Federal Rule of Bankruptcy Procedure 2004, “Examination”
Friday, March 12th, 2010I’m jumping a little out of sequence on my review (see Rule 1001 and Rule 1002) of the Federal Rules of Bankruptcy Procedure because I was working with Rule 2004 quite a bit today. Rule 2004 is a powerful one. It’s full text is really too long to reproduce here, but the business end of Rule 2004 (subsection (a)) says, “On motion of any party in interest, the court may order the examination of any entity.” Subsection (b) purports to delineate Rule 2004′s scope, but it really doesn’t because there frankly isn’t much scope.
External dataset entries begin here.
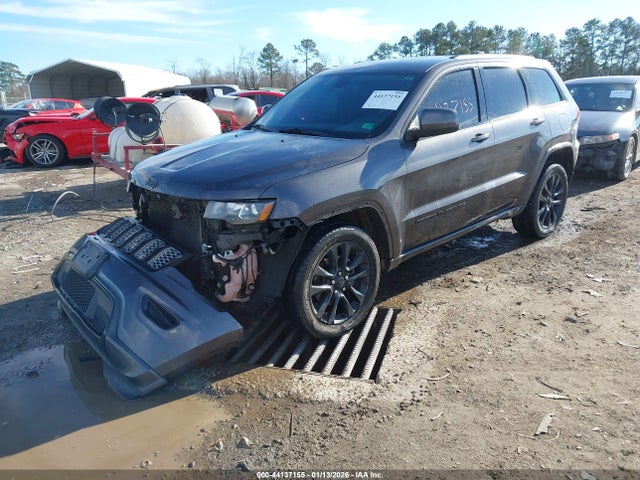 1C4RJFAG0JC249918 Jeep Grand Cherokee Altitude 4x4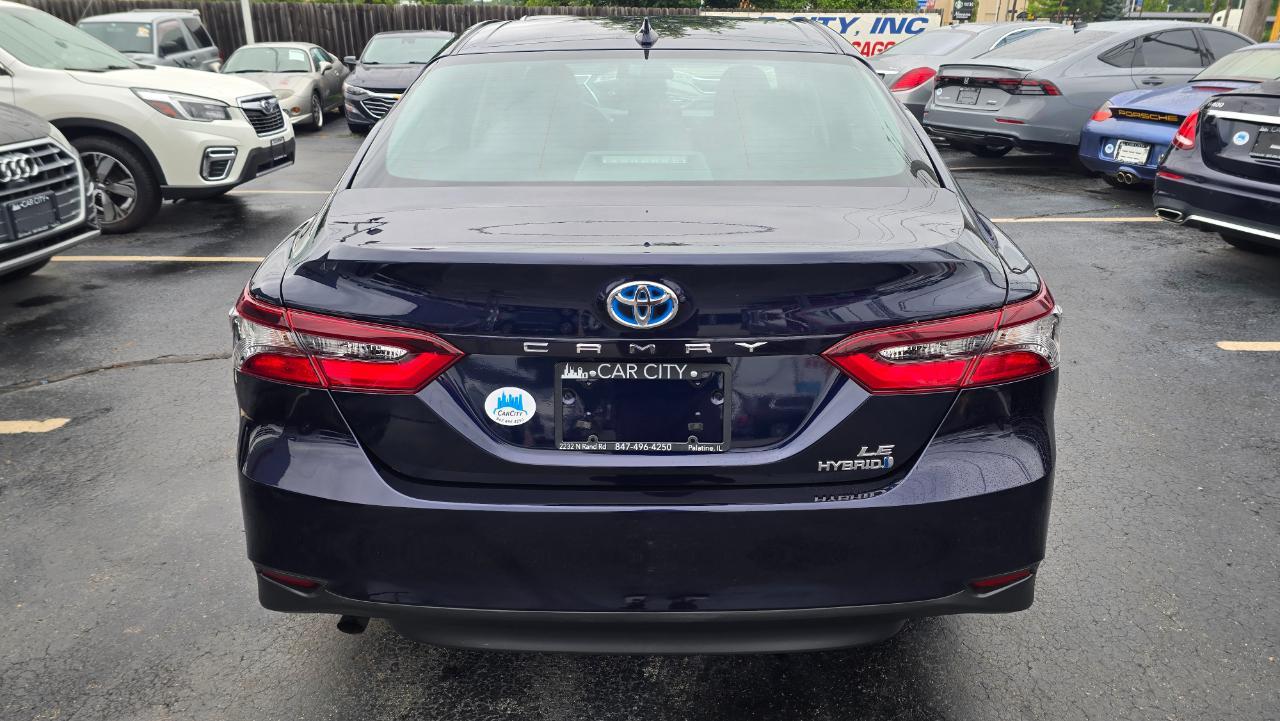 Toyota Camry Hybrid LE 2021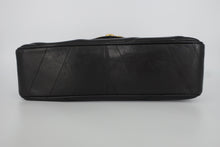 將圖片載入圖庫檢視器 CHANEL/シャネル Vステッチチェーンショルダーバッグ ラムスキン ブラック/ゴールド金具 ショルダーバッグ 800100015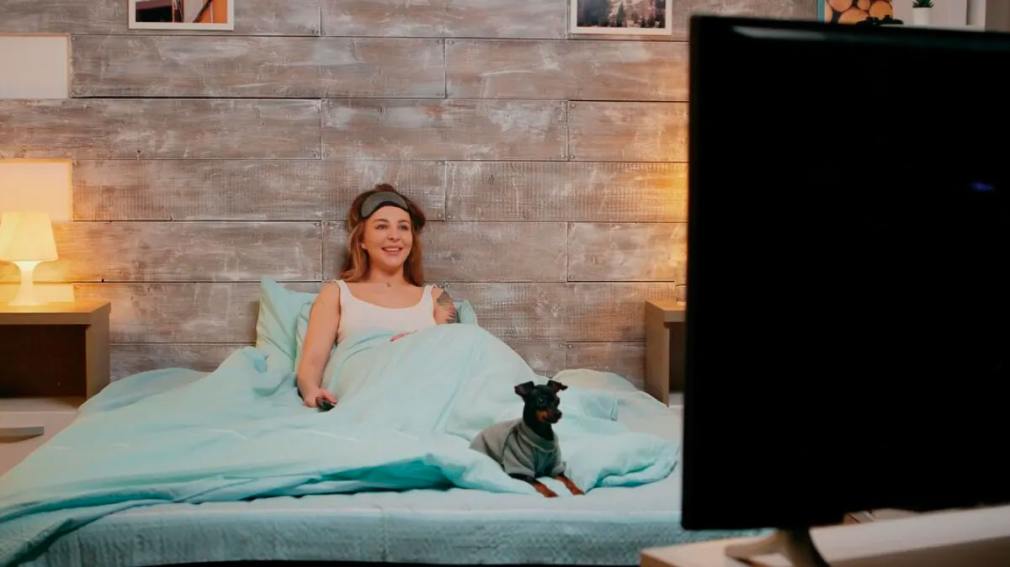 Si necesitas ver tele para dormir, la ciencia tiene una explicación para vos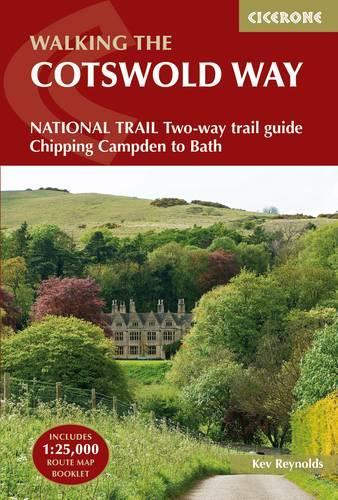 Бумажная книга «The Cotswold Way: NATIONAL TRAIL Two-way trail guide - Chipping Campden to Bath», автор Кев Рейнольдс - фото №1
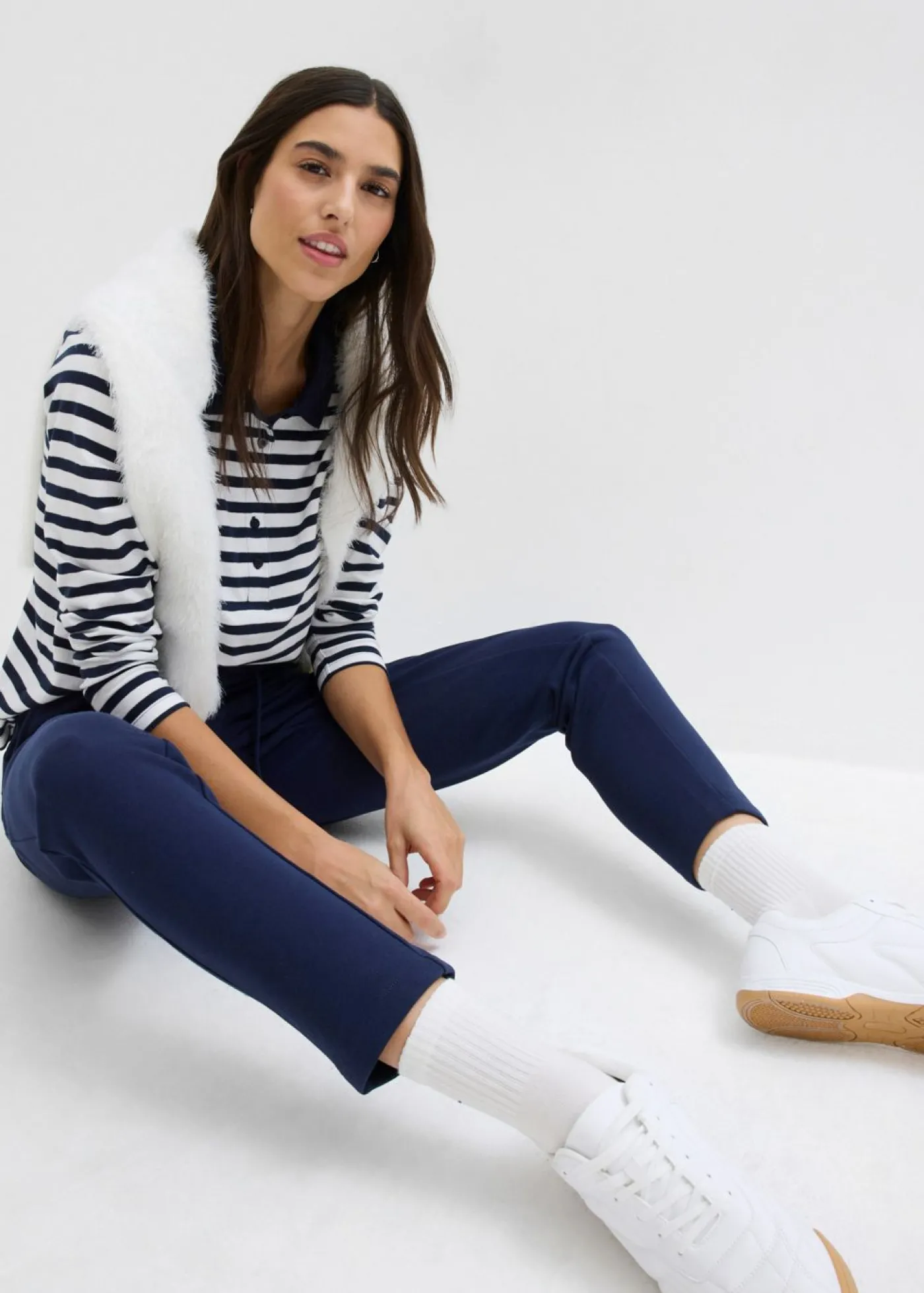 bonprix bonprix Pantalón de chándal con cinturilla elástica Azul marino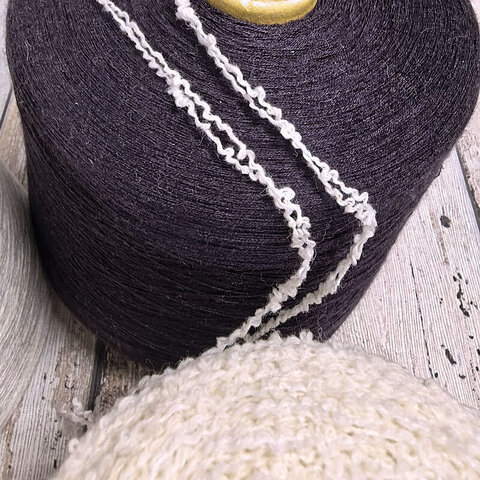 Смотка букле SPORTWOOL 200 белый натуральный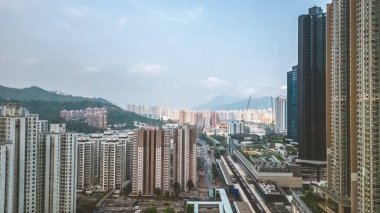 Tai Wai istasyonunda bir peyzaj, Sha Tin bölgesi. 18 Mart 2023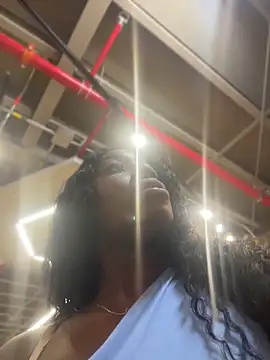 ZarahFerreira online show from 04-21-26, 11:51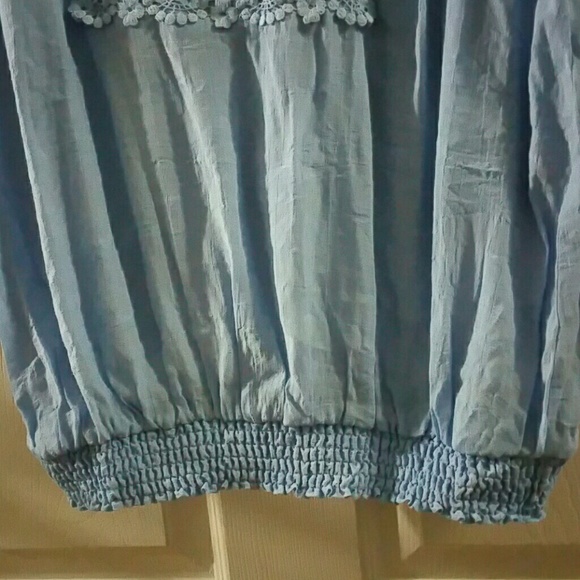 Long sleeve embroidered baby blue top - Picture 2 of 4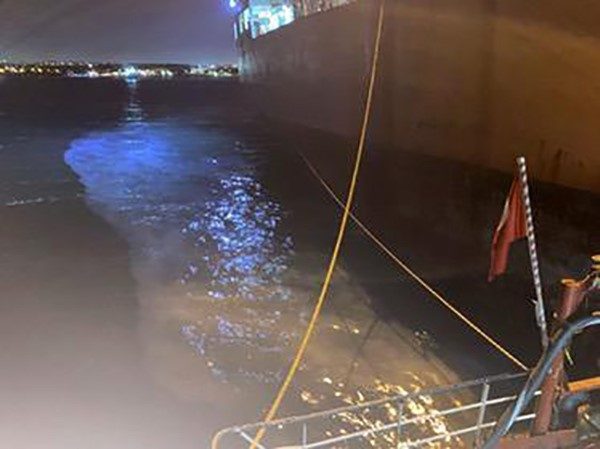 kucukcekmecede gemiden sizan madde endiseye neden oldu 837883bbbc28 |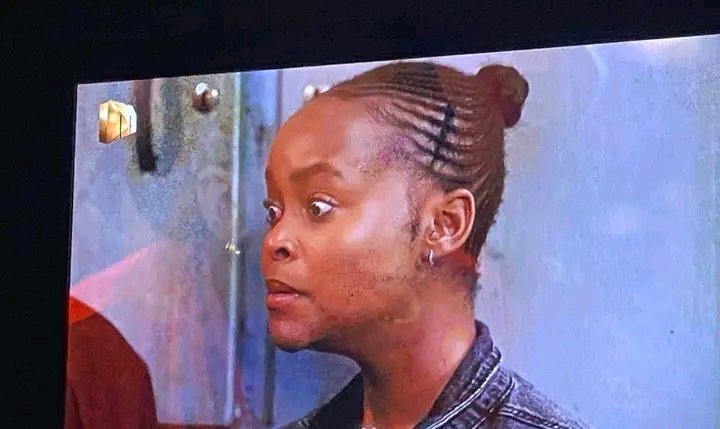 Raisibe_P's tweet photo. @_Sebarbie Ska buwa yalo ba tlao hlasela😭 https://t.co/Mk5vfLmH4N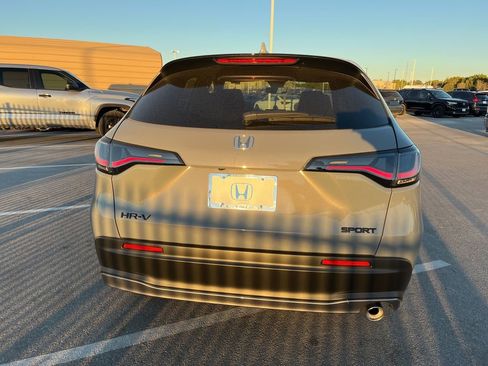 Used 2026 Honda HR-V Sport image 5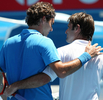試合を終え健闘を称え合うロジャー・フェデラー（左）とファブリス・サントロ。(c)AFP/Torsten BLACKWOOD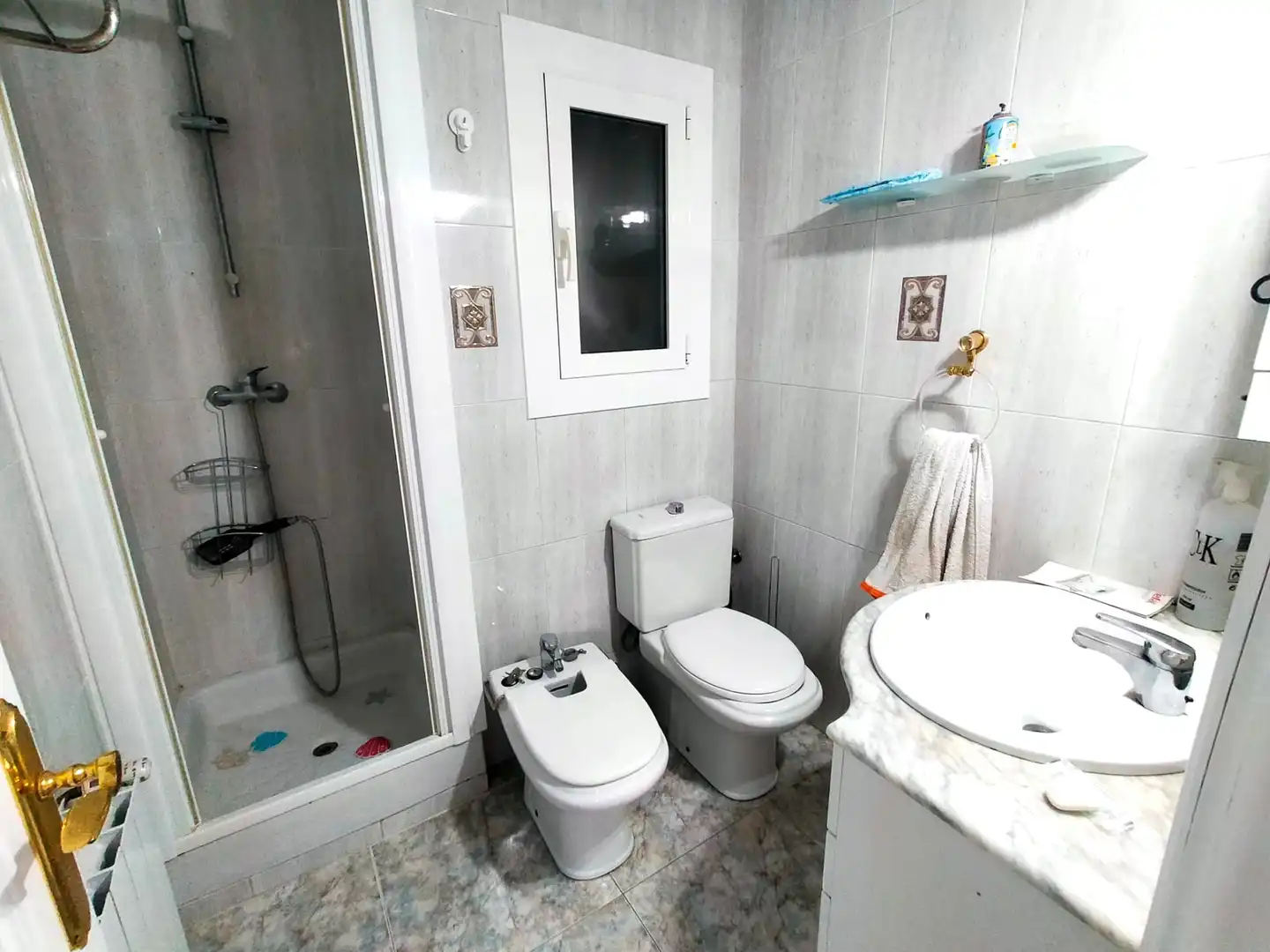 Bathroom of Flat for sale in Sabadell  with Air Conditioner, Heating and Furnished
Rule 2004 examinations are exceptionally broad, and they’re far more broad that any discovery tool under the general Federal Rules of Civil Procedure.
While Norton’s seems to underplay its significance by referring to its use primarily by trustees, an oft-cited case Massachusetts case really spells out its power. In re GHR Energy Corp., 33 B.R. 451 (Bankr. D. Mass. 1983). The Court in GHR Energy said:
It is clear that the scope of a Rule 2004 examination is unfettered and broad. “In general, a large latitude of inquiry should be allowed in the examination of persons connected with the bankrupt in business dealing, or otherwise, for the purpose of discovering assets and unearthing frauds, upon any reasonable surmise that they have assets of the debtor . . . The examination . . . is of necessity to a considerable extent a fishing expedition.” In re Foerst, 93 F. 190, 191 (S.D.N.Y 1899). It may be “exploratory and groping.” Sachs v. Hadden, 173 F.2d 929, 931 (2d Cir. 1949). “[T]he breadth of the language employed in the Rule so all emcompassing as semantically to include and encourage harassment on every human subject. ” In re Georgetown of Kettering, 17 B.R. 73, 75, 8 B.C.C. 934, 935 (Bankr. S.D. Ohio 1981).
33 B.R. 453-54. That’s some breathless, vivid, and non-politically correct language therein… “unfettered and broad,” “fishing expedition,” “exploratory and groping,” and “harassment on every human subject.”